O corpo e o mundo virtual
Havia um tempo em que a internet era nova, as coisas eram gratuitas e entrevíamos a possibilidade de ali encontrar tudo.
A conexão era de fato lenta. Mas o tempo se alastrava pela madrugada.
A internet ainda não continha de fato tudo. Muita coisa estava para ser digitalizada ou ali reproduzida. Era tempo das web-pages pessoais, não dos blogs e nem das redes sociais.
A relação com o virtual parecia, de certo modo, invertida, em relação o que ocorre hoje. O virtual se apresentava como uma espécie de novo saguão da realidade, mas com possibilidades próprias, capazes inclusives de "contaminar" o mundo real. Era como se fôssemos capazes de capacitar a esfera real, carnal, com novas possibilidades e caminhos. Por exemplo, encontrar o texto impossível ou acessar um professor inacessível em outro país; ouvir e conhecer músicas jamais imaginadas, enfim, ter acessos-mil e expandir os horizontes do próprio corpo.

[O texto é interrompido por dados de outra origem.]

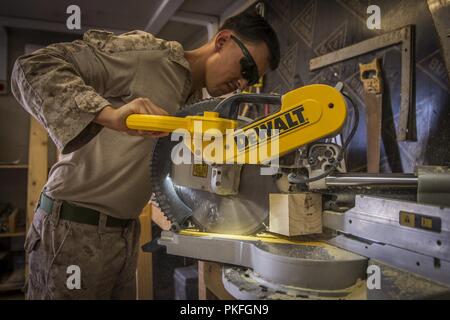 Unbekannten ORT, Südwesten Asien - US Marine Corps LCpl. Diego Brevillard, ein Ingenieur Ausrüstung Fahrer mit 3 Bataillon 7. Marine Regiment zu speziellen Zweck Marine Air-Ground Task Force angebracht, Krise Response-Central Befehl (SPMAGTF-CR-CC), schneidet ein Board für eine Sicherheit nach Juli 25, 2018. SPMAGTF-CR-CC Marines regelmäßig Unterstützung Task Force spartanisch eingerichtet, deren Aufgabe es ist, die irakischen Sicherheitskräfte beraten und in Ramadi Bereich unterstützen. Stockfoto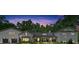 Stunning exterior elevation of home at dusk with meticulous landscaping and charming front porch at 1421 Hendon Rd, Woodstock, GA 30188
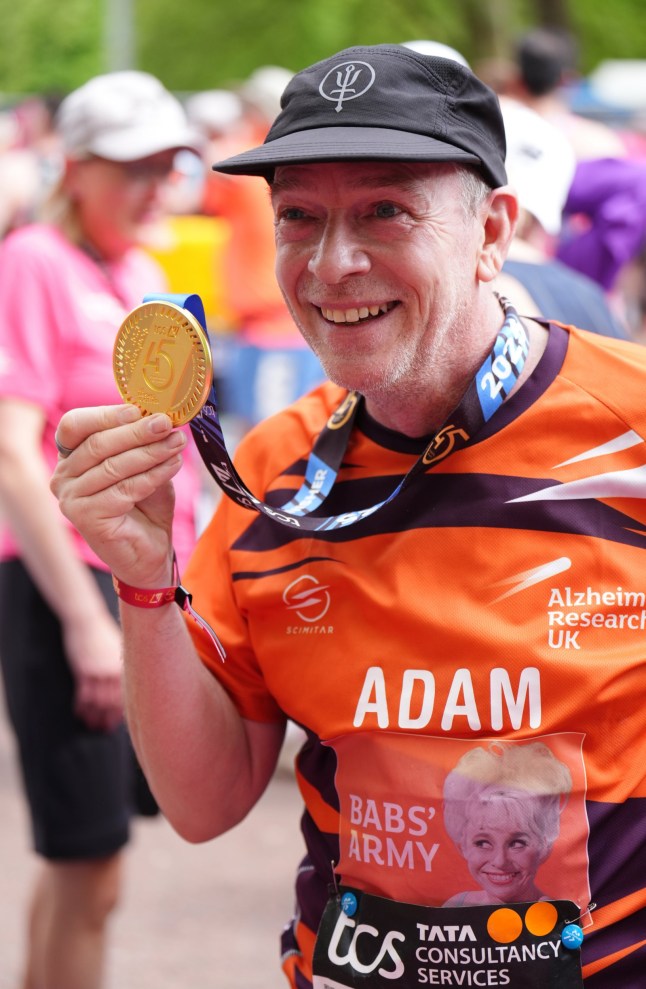 Adam Woodyatt after crossing the finish line during the TCS London Marathon. Picture date: Sunday April 27, 2025. PA Photo. See PA story ATHLETICS London Photo credit should read: John Walton/PA Wire. RESTRICTIONS: Use subject to restrictions. Editorial use only, no commercial use without prior consent from rights holder.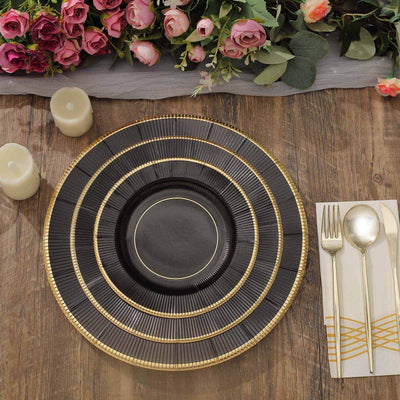 Elegant black and gold charger plate set on a rustic wooden table with floral decor.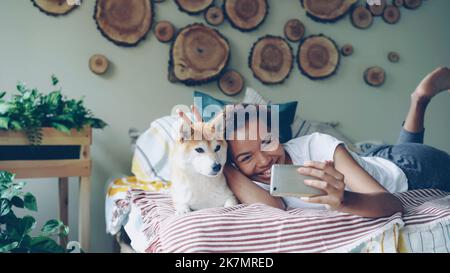 Happy African American girl proud dog owner is taking selfie with cute pet lying on bed in modern apartment using smartphone. Technology, animals and social media concept. Stock Photo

Mas curiosamente, daqueles tempos para cá ocorreu um pouco o contrário. Não é mais tanto o corpo que usa o computador para possibilidades-mil, mas é o computador - cada vez mais reduzido - que parece utilizar o corpo - cada vez mais encolhido.
Transformamos a nós mesmos em frutos de likes e follows. Presidentes são eleitos e pessoas demitidas pelo mundo virtual.

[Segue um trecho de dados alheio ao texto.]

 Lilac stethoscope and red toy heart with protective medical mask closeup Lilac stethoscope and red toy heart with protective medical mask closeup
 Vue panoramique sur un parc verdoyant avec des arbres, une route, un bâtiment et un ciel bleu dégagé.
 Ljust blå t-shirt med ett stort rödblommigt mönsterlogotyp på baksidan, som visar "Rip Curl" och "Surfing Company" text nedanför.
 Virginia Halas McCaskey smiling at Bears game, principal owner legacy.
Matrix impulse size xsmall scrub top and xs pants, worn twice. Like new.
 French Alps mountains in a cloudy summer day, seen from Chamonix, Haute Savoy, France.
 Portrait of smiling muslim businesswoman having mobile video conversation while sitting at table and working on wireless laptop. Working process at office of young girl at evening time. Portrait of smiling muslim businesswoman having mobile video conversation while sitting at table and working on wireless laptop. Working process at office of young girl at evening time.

Até no plano acadêmico já ouvi um professor muito requisitado dizer: você precisa fazer publicidade de si mesmo, expandir suas redes, causar certa impressão.

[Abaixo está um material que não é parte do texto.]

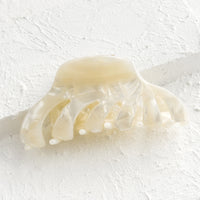 Pearl: A marbled acetate hair clip in pearl.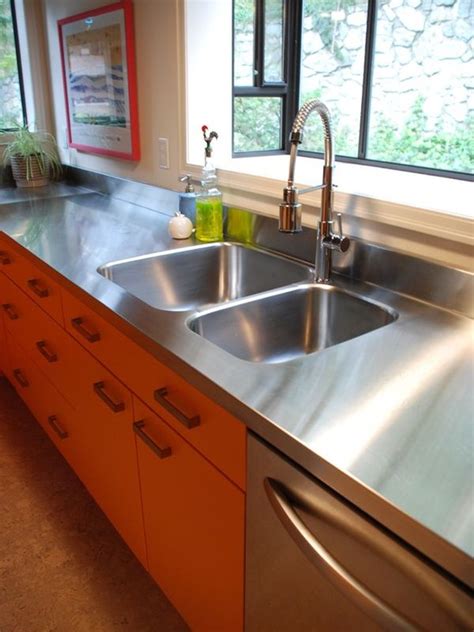 Stainless steel countertops in a white kitchen with warm details. Stainless steel countertops - always the best choice in ...
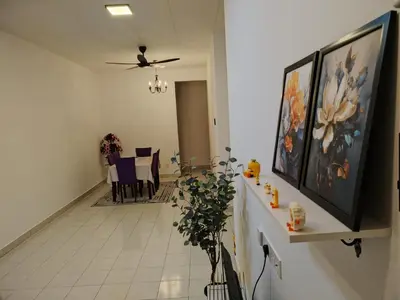 a hallway with a living room with paintings on the wall at Orked Homestay Seri Iskandar in Seri Iskandar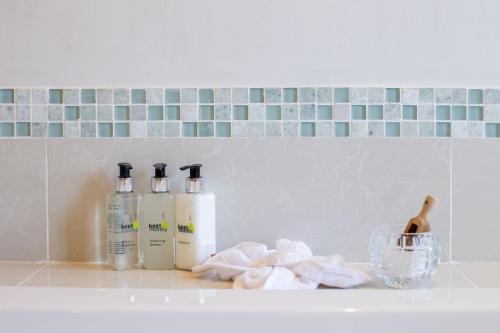 a bathroom counter with two bottles of soap and towels at Vredenburg Manor House in Somerset West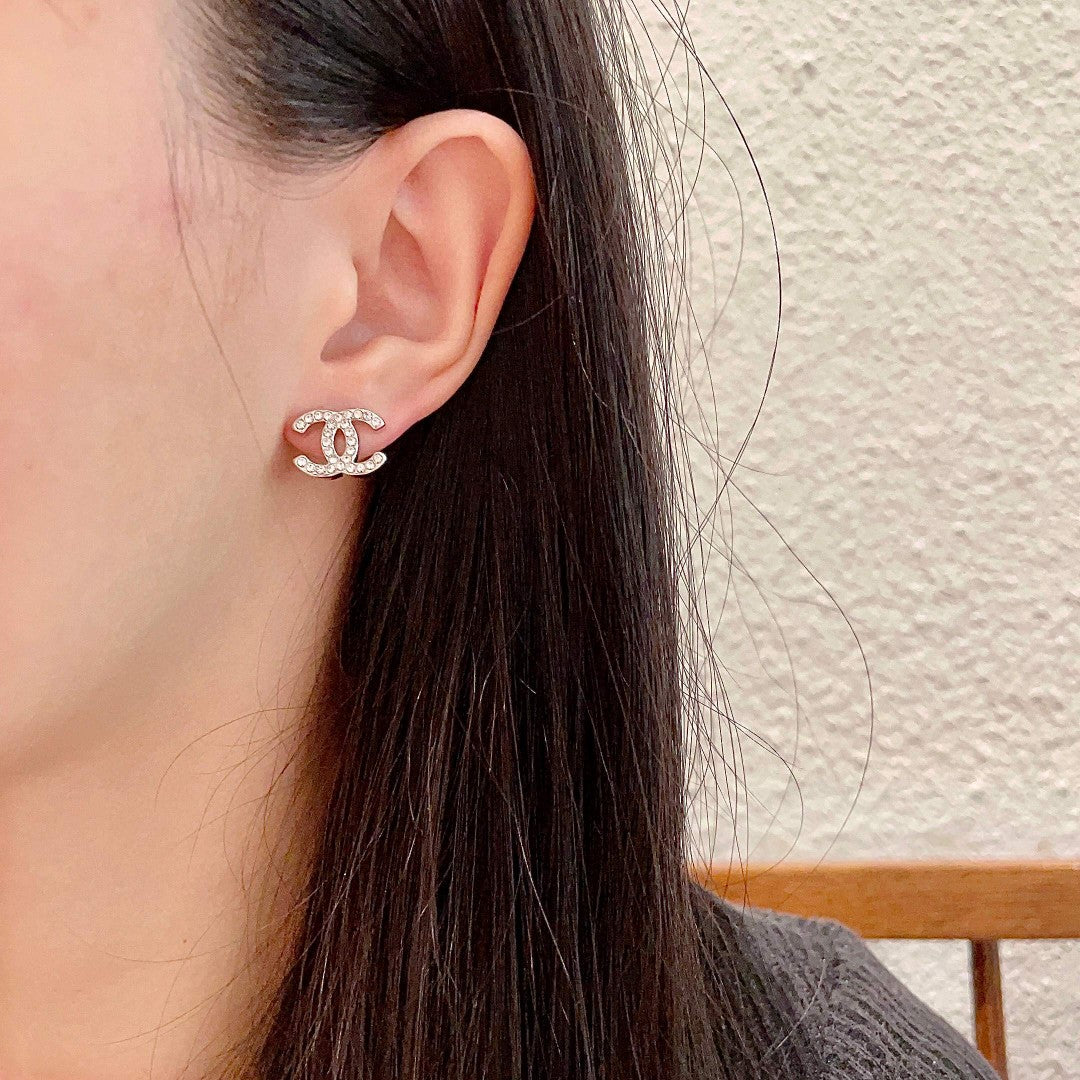 Double-C Emblem Stud Earrings in Polished Metal-Tone – Design 441 detail view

Mas 20 anos atrás, quando alguém queria ler um bom texto, não procurava na internet por pesquisadores que expandem suas redes, mas sim por pesquisadores que publicam bons textos (que o Google Acadêmico me desminta, se eu estiver errado).
Eis a inversão: buscávamos conteúdos para aprimorar os horizontes do corpo; hoje o corpo é que parece horizonte para questões não mais de conteúdo, mas de visibilidade, de disponibilidade, de "estar ali" e "fazer de acordo", de bancar que se tem algum conteúdo, quando o conteúdo já não vale mais tanto assim.
Então, de algum modo, parece hoje necessário não mais se conectar à rede para ser alguém, mas se desconectar dela. Como se precisássemos reconquistar o corpo, a realidade, a vida.
Pois logo ali há uma nova notificação para nos transportar em direção a outros compromissos, deslocar o corpo do aqui e agora, mergulhar nessa antessala da qual parece que nunca mais conseguimos sair.